Lines from the one containing "Brass Ear Hoops" through the final line of the records below are needed, copied exactly, with no pictures.

-*-

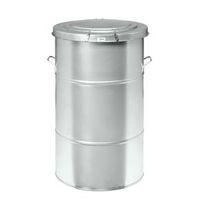 waste bin galvanized 805 x 490 x 490mm with foot pedal for easy openin ...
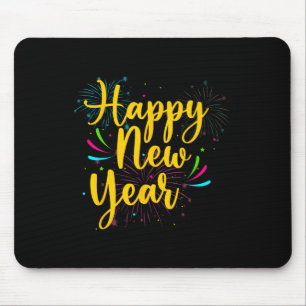 Mousepad Feliz ano novo 2025, Dourado Diversão Festivo Fest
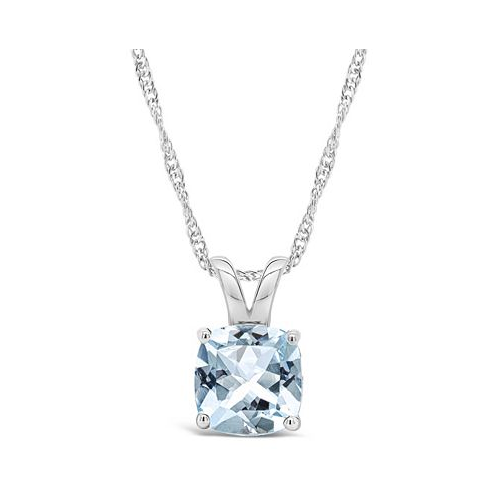 Macys Sky Blue Topaz (2-3/4 ct. t.w.) Pendant Necklace in Sterling Silver. Also Available in Rose Quartz and Amethyst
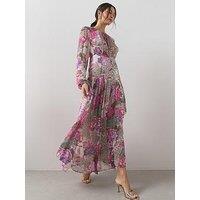 The Very Collection Floral Georgette Button Through Midaxi Dress - Print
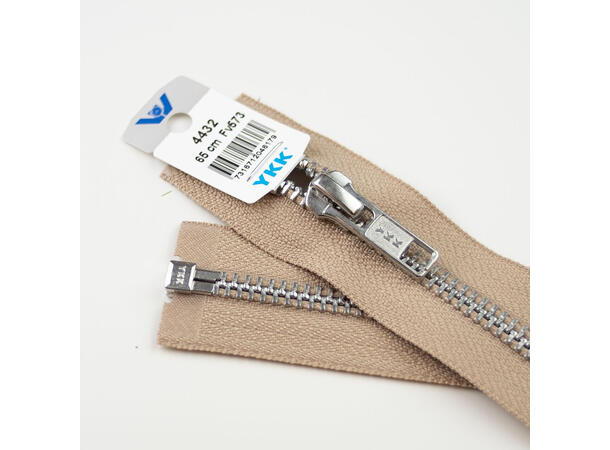 Delbar emtallglidelås, aluminium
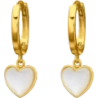 Brass Ear Hoops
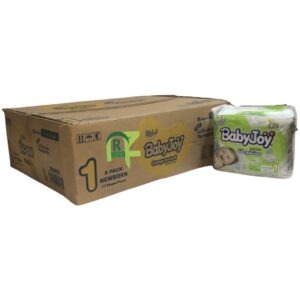 BABY JOY (NO-1) 8PACKS*16P | حفايض بيبي جوي رقم(1) 8كيس*16حبه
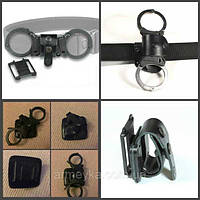 Фіксатор поясний для шарнірних наручників. чорний шкіра Оригінал Британія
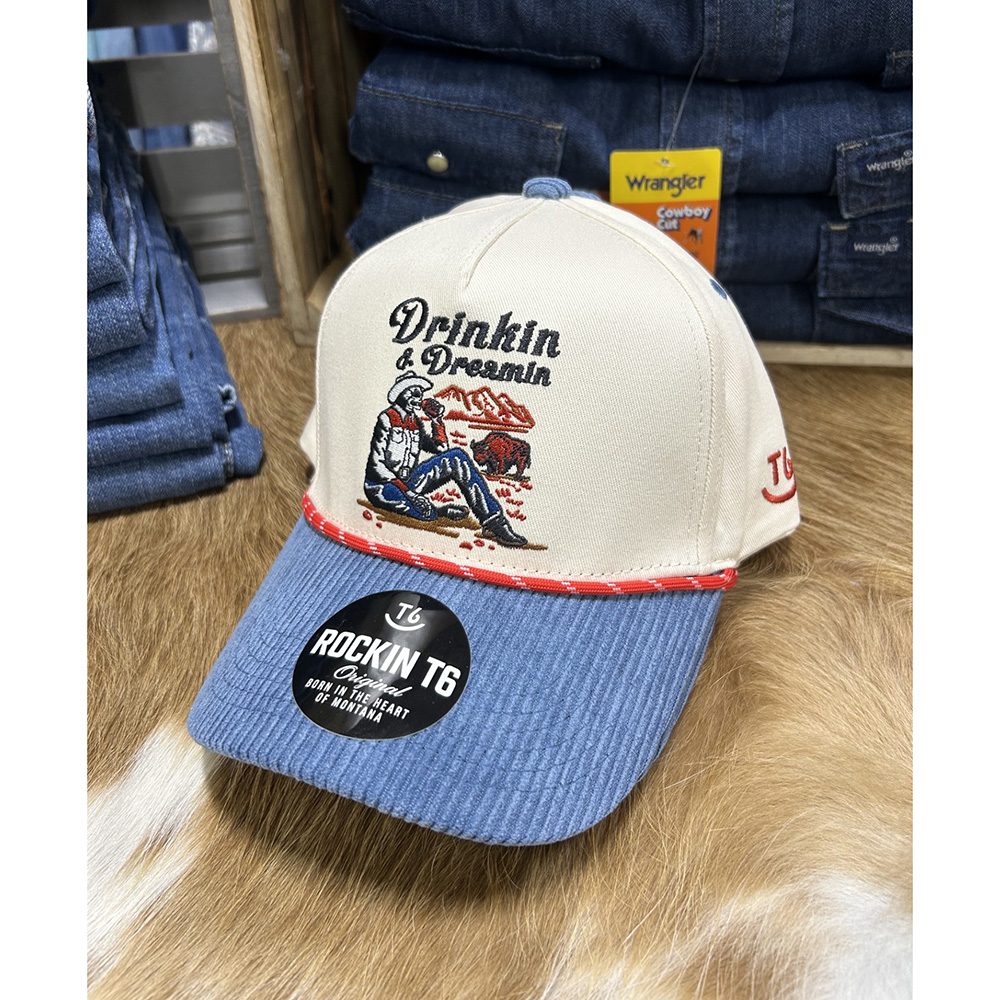 Drinkin & Dreamin Corduroy Hat - Rockin T6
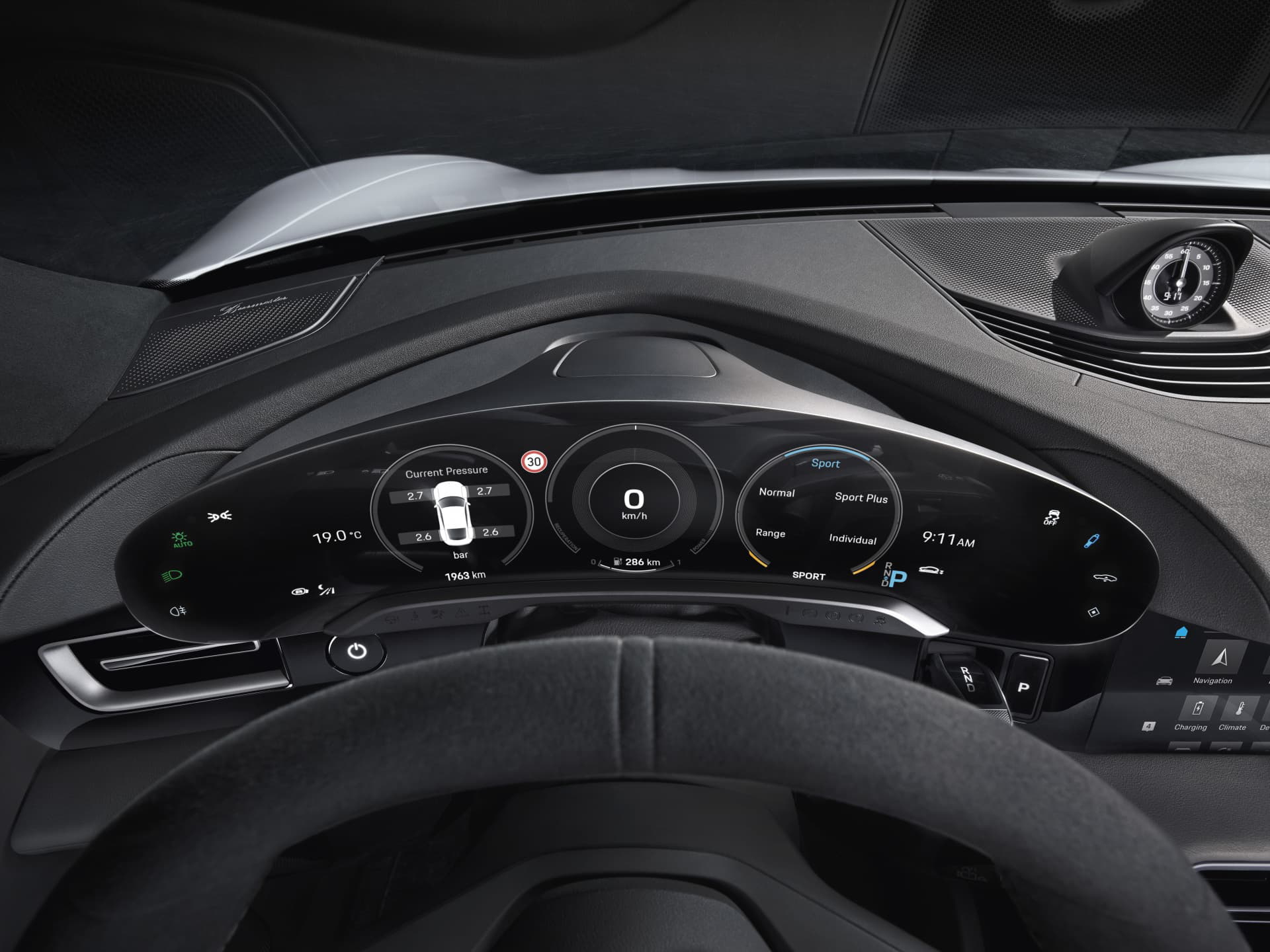 Porsche Taycan Cuadro Instrumentos 00009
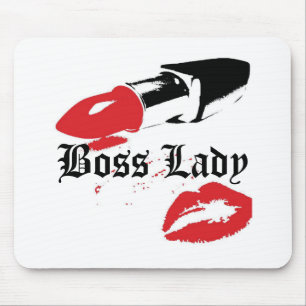 Tapis de souris Boss Lady Rouge à lèvres et Lèvres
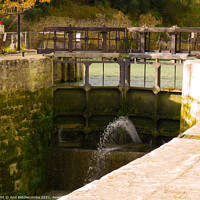 Buy canvas prints of First and Last Lock at Beziers by Ann Biddlecombe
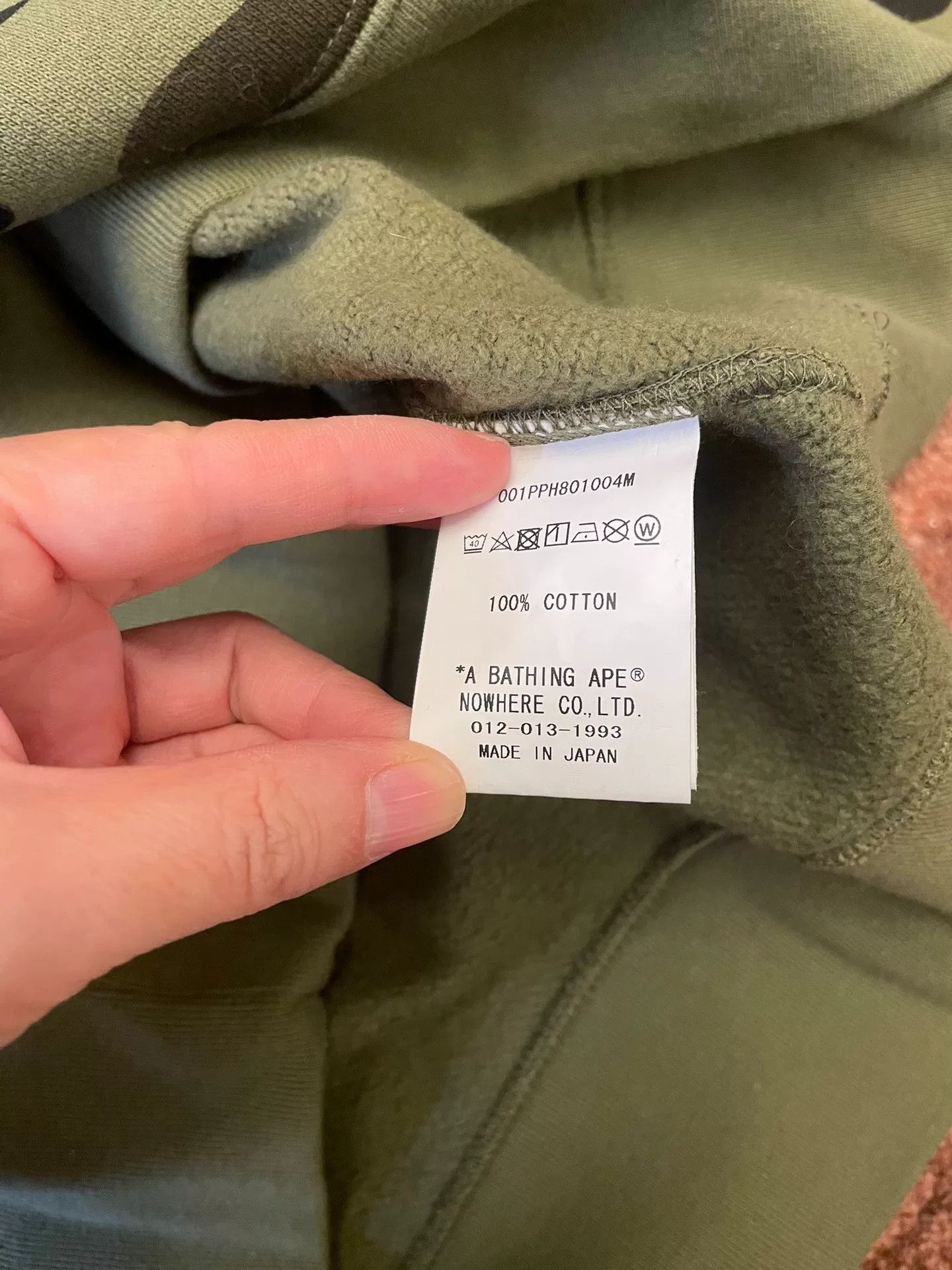 Bape Bape Classic Green Camo Hoodie Size US XXL / EU 58 / 5 - 6 Thumbnail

-*-

### EXERCISE SOLUTION
 Brass Ear Hoops
 BABY JOY (NO-1) 8PACKS*16P | حفايض بيبي جوي رقم(1) 8كيس*16حبه
 Фіксатор поясний для шарнірних наручників. чорний шкіра Оригінал Британія
 Drinkin & Dreamin Corduroy Hat - Rockin T6
 Porsche Taycan Cuadro Instrumentos 00009
 Tapis de souris Boss Lady Rouge à lèvres et Lèvres
 Buy canvas prints of First and Last Lock at Beziers by Ann Biddlecombe
 Bape Bape Classic Green Camo Hoodie Size US XXL / EU 58 / 5 - 6 Thumbnail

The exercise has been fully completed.